Beauty may be presuppositional also. I presuppose that beauty and good influence the world and it's occupants. I don't believe because I really want it to be so, but I believe because I've considered "Life" without that presupposition in place and it makes no sense whatsoever.
By the way, I'll see if I can find the Dillard book. I have lots of the Annie Dillard ones, but none of C.B.
This is fun, isn't it?
I have been reading stuff lately (does this happen to you? Ideas converge
from all different directions, once you have your eyes turned toward a certain interesting thing you want to consider more?) about how we are NOT our mind. We (our being? spirit? what is most the essence of us) is beyond our mind. That our mind is one of our tools. But because many people think they ARE their minds, they are blinded to the real essence (started by the guy (Kant?) who said, "I think; therefore, I am." Which of course goes along with this Age of Reason which says logic and intellect is more important that body, soul, etc.
I guess I believe most deeply what I personally experience (and thus "know"
is true, for me). And that the spiritual truth is the real stuff.
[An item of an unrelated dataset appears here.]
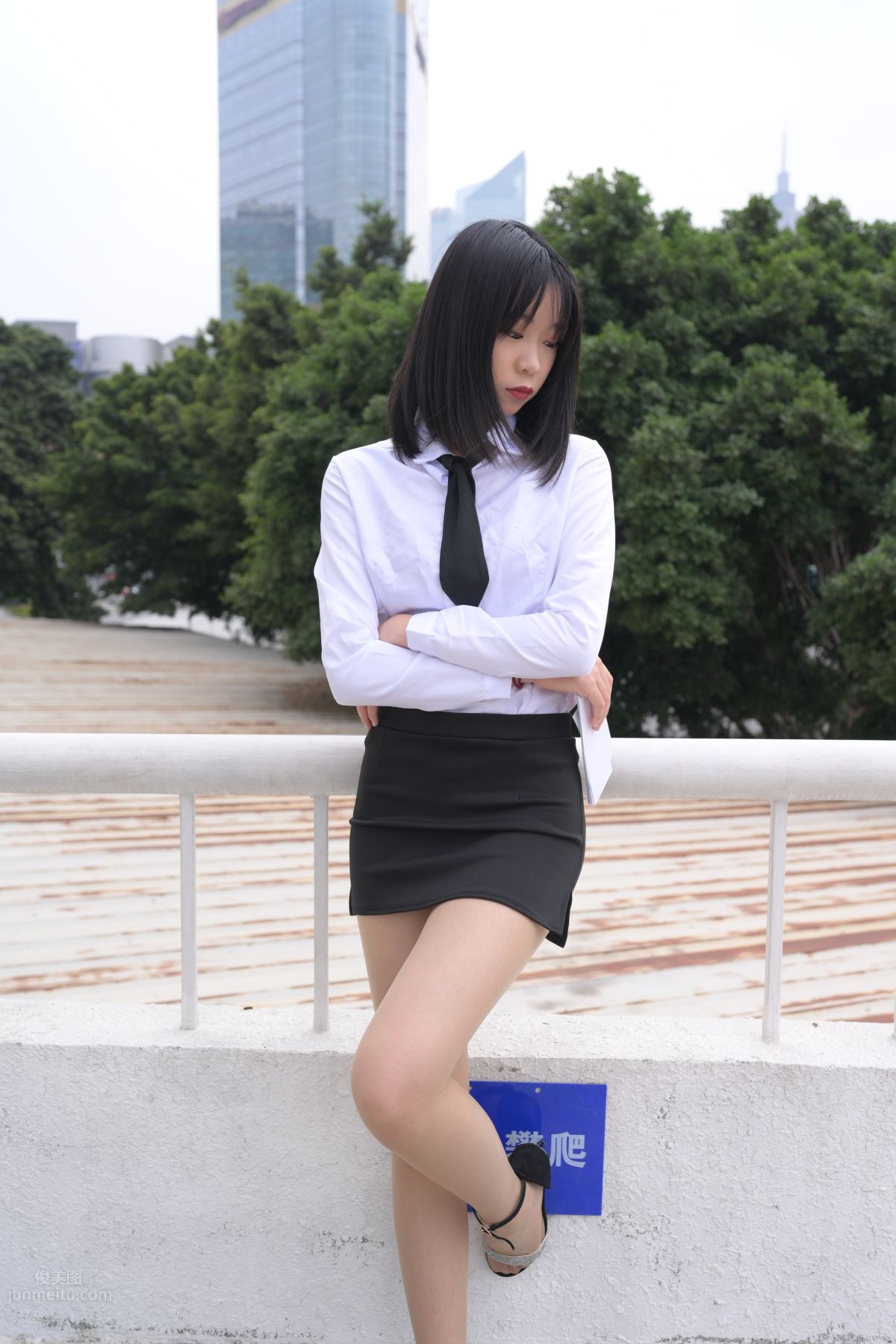 [魔鏡街拍] 084 程生街拍-商城推銷美女長腿肉絲制服 93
That
the purpose of life is (for me, and maybe everyone, when we get on that
path) is spiritual wisdom. And our life task is to choose that purpose, and to get all the stuff out of the way which clouds our pursuit of this.
Things like fear and our personal wants and desires and expectations and
aversions ("I can't stand so and so") and doubt and anger. They all keep
things from being clear. They keep things from being clear for ME, I
know. And there is a sense that I do have a way to work toward getting
rid of these things... That going toward spiritual wisdom is what the
human being is capable of if we choose it.
What do you think?
--Helen
Descartes, I think. I will have to spend more time responding to your very interesting thoughts.
To Maria's Web site references. It took me a while to visit these sites, but both are fascinating in different ways. I loved the WMD alternative. This is the very kind of action that has a great amount of artistic/social action type power, I think.